About this task => Every record that follows should be written out word for word; the pictures stay out.

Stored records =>
═══
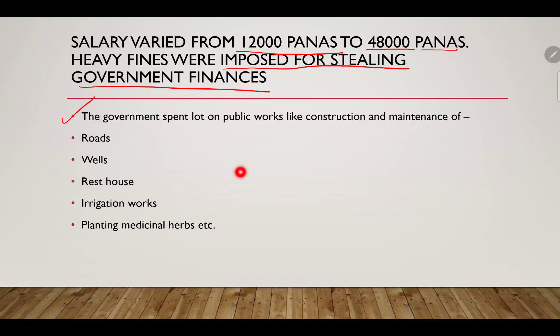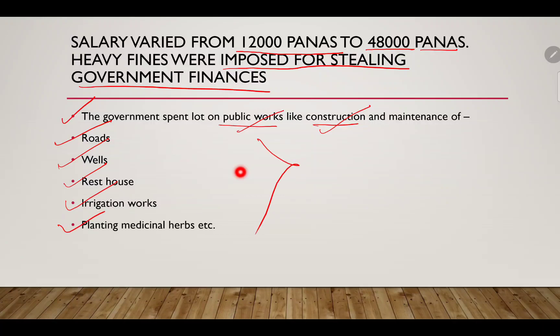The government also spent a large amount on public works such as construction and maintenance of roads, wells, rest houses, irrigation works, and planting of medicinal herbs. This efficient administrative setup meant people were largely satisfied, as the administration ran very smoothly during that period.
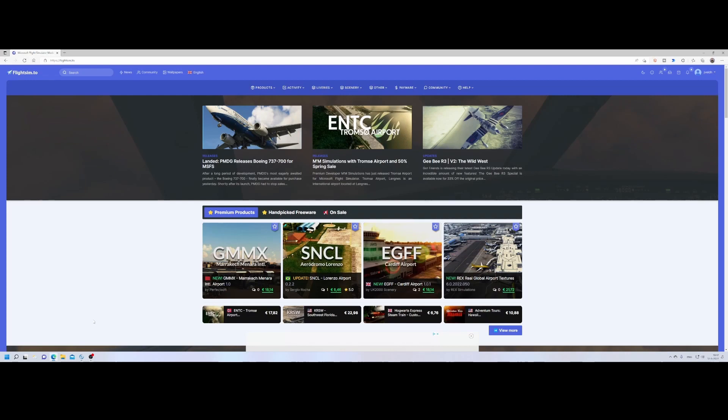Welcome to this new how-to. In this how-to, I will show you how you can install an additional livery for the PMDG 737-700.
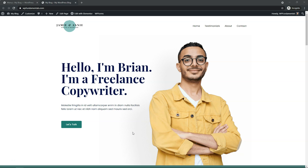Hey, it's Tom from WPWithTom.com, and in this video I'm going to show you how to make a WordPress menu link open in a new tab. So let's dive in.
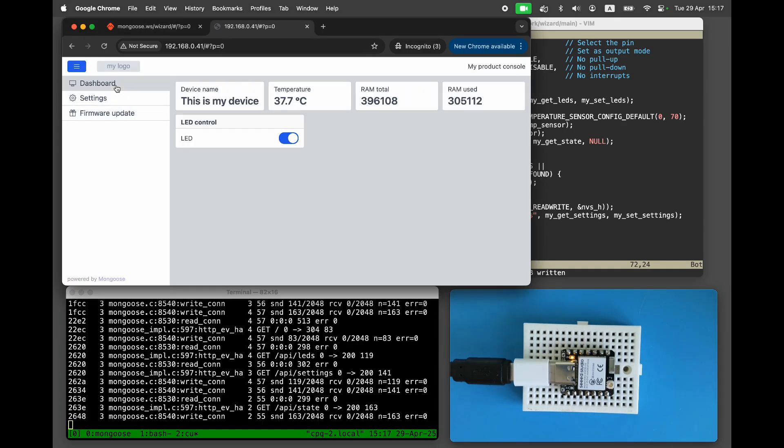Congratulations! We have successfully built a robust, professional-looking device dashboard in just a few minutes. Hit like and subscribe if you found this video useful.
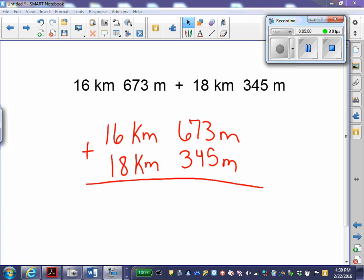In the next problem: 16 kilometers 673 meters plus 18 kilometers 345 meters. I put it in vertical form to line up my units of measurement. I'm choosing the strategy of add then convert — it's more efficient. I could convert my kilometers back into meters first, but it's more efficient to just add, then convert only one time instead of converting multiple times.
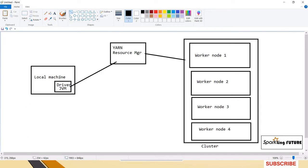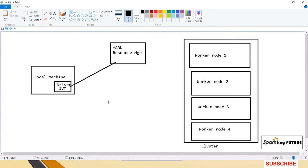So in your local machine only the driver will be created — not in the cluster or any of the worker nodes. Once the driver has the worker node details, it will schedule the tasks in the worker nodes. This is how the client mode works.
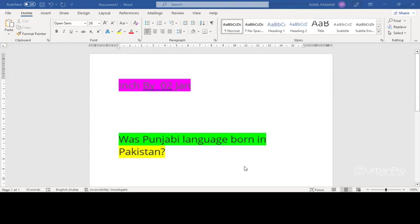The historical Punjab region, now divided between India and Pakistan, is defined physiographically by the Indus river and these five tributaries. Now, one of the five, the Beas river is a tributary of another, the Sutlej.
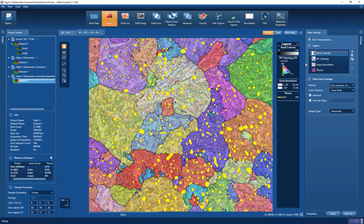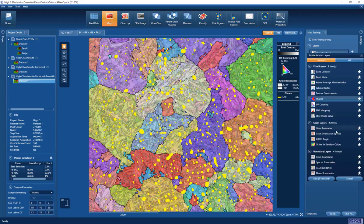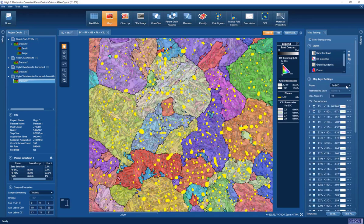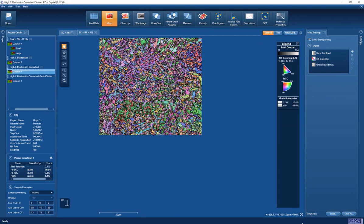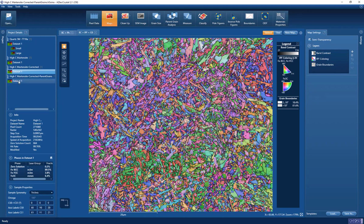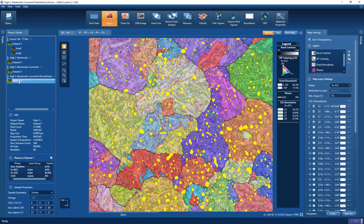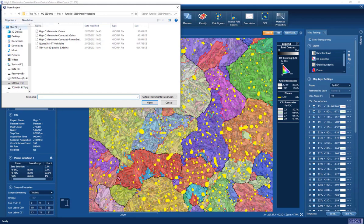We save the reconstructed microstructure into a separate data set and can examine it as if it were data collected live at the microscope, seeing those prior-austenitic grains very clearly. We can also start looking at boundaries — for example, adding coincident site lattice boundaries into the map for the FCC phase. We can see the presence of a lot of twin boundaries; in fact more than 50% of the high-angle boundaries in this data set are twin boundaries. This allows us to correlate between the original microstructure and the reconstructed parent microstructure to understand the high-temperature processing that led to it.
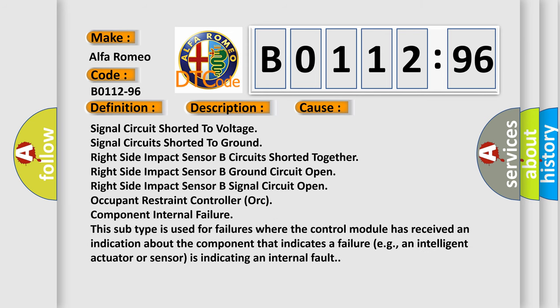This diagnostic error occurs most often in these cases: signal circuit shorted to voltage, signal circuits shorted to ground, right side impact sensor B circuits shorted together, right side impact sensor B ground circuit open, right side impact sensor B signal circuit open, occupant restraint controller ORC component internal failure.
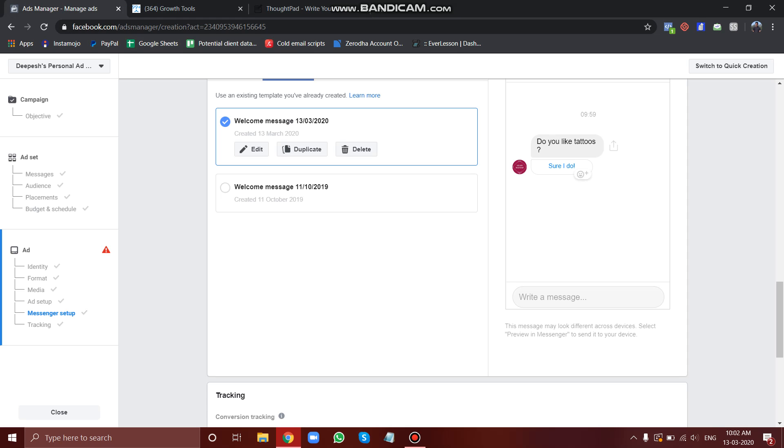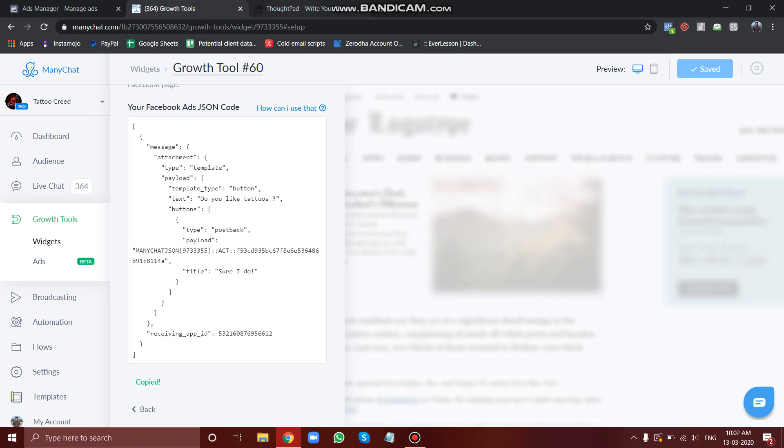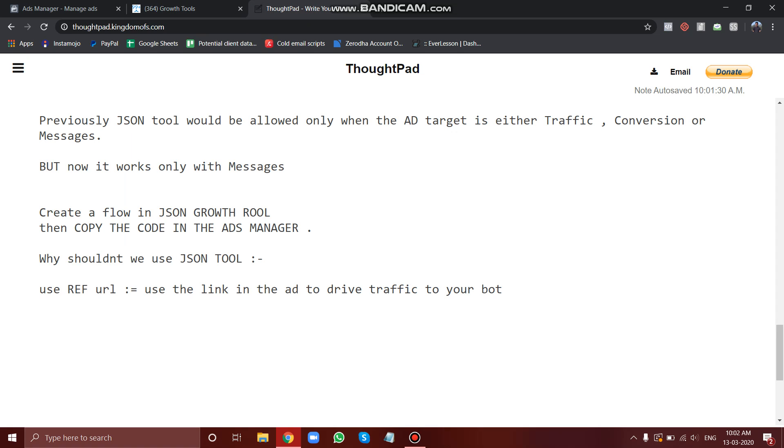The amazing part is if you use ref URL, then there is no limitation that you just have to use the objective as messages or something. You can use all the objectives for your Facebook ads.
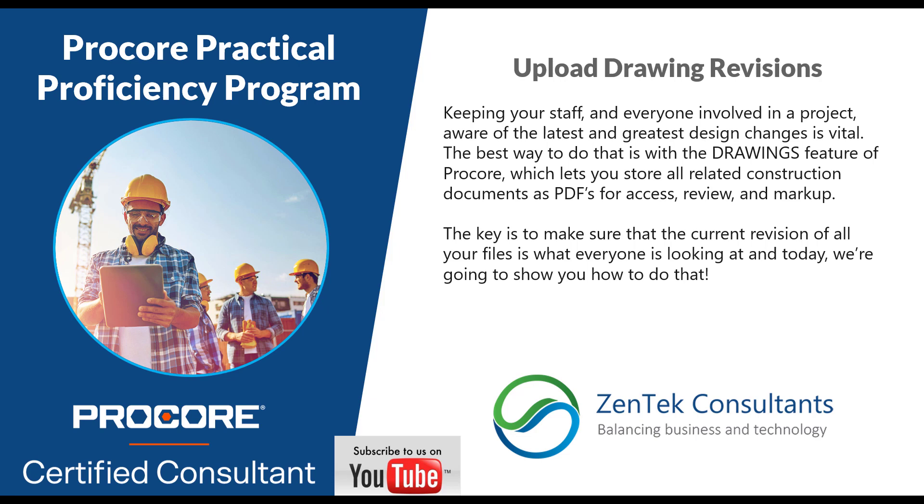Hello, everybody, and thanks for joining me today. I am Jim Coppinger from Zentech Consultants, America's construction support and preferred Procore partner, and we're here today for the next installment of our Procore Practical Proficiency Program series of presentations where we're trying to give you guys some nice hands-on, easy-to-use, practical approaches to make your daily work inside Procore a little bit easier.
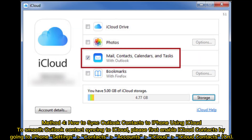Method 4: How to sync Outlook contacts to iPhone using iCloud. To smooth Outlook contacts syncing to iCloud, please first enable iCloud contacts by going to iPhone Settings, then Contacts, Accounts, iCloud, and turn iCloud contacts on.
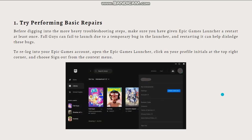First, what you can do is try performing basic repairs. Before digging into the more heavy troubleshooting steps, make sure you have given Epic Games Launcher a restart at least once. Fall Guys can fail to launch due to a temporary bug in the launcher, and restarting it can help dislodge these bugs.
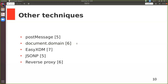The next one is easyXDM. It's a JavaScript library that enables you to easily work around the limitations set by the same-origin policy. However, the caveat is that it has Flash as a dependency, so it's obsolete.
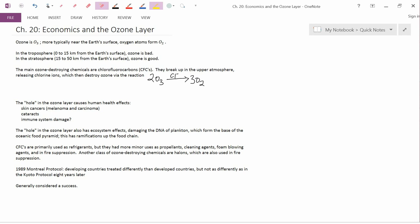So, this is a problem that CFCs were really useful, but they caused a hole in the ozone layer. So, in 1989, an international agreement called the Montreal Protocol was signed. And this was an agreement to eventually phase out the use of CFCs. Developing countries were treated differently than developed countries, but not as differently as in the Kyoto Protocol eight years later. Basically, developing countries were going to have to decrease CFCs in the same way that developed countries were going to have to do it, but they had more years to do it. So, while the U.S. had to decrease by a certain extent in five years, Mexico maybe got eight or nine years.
═══
Your response =>
The government also spent a large amount on public works such as construction and maintenance of roads, wells, rest houses, irrigation works, and planting of medicinal herbs. This efficient administrative setup meant people were largely satisfied, as the administration ran very smoothly during that period.
Welcome to this new how-to. In this how-to, I will show you how you can install an additional livery for the PMDG 737-700.
Hey, it's Tom from WPWithTom.com, and in this video I'm going to show you how to make a WordPress menu link open in a new tab. So let's dive in.
Congratulations! We have successfully built a robust, professional-looking device dashboard in just a few minutes. Hit like and subscribe if you found this video useful.
In the next problem: 16 kilometers 673 meters plus 18 kilometers 345 meters. I put it in vertical form to line up my units of measurement. I'm choosing the strategy of add then convert — it's more efficient. I could convert my kilometers back into meters first, but it's more efficient to just add, then convert only one time instead of converting multiple times.
So in your local machine only the driver will be created — not in the cluster or any of the worker nodes. Once the driver has the worker node details, it will schedule the tasks in the worker nodes. This is how the client mode works.
The historical Punjab region, now divided between India and Pakistan, is defined physiographically by the Indus river and these five tributaries. Now, one of the five, the Beas river is a tributary of another, the Sutlej.
We save the reconstructed microstructure into a separate data set and can examine it as if it were data collected live at the microscope, seeing those prior-austenitic grains very clearly. We can also start looking at boundaries — for example, adding coincident site lattice boundaries into the map for the FCC phase. We can see the presence of a lot of twin boundaries; in fact more than 50% of the high-angle boundaries in this data set are twin boundaries. This allows us to correlate between the original microstructure and the reconstructed parent microstructure to understand the high-temperature processing that led to it.
This diagnostic error occurs most often in these cases: signal circuit shorted to voltage, signal circuits shorted to ground, right side impact sensor B circuits shorted together, right side impact sensor B ground circuit open, right side impact sensor B signal circuit open, occupant restraint controller ORC component internal failure.
The amazing part is if you use ref URL, then there is no limitation that you just have to use the objective as messages or something. You can use all the objectives for your Facebook ads.
Hello, everybody, and thanks for joining me today. I am Jim Coppinger from Zentech Consultants, America's construction support and preferred Procore partner, and we're here today for the next installment of our Procore Practical Proficiency Program series of presentations where we're trying to give you guys some nice hands-on, easy-to-use, practical approaches to make your daily work inside Procore a little bit easier.
Method 4: How to sync Outlook contacts to iPhone using iCloud. To smooth Outlook contacts syncing to iCloud, please first enable iCloud contacts by going to iPhone Settings, then Contacts, Accounts, iCloud, and turn iCloud contacts on.
First, what you can do is try performing basic repairs. Before digging into the more heavy troubleshooting steps, make sure you have given Epic Games Launcher a restart at least once. Fall Guys can fail to launch due to a temporary bug in the launcher, and restarting it can help dislodge these bugs.
The next one is easyXDM. It's a JavaScript library that enables you to easily work around the limitations set by the same-origin policy. However, the caveat is that it has Flash as a dependency, so it's obsolete.
So, this is a problem that CFCs were really useful, but they caused a hole in the ozone layer. So, in 1989, an international agreement called the Montreal Protocol was signed. And this was an agreement to eventually phase out the use of CFCs. Developing countries were treated differently than developed countries, but not as differently as in the Kyoto Protocol eight years later. Basically, developing countries were going to have to decrease CFCs in the same way that developed countries were going to have to do it, but they had more years to do it. So, while the U.S. had to decrease by a certain extent in five years, Mexico maybe got eight or nine years.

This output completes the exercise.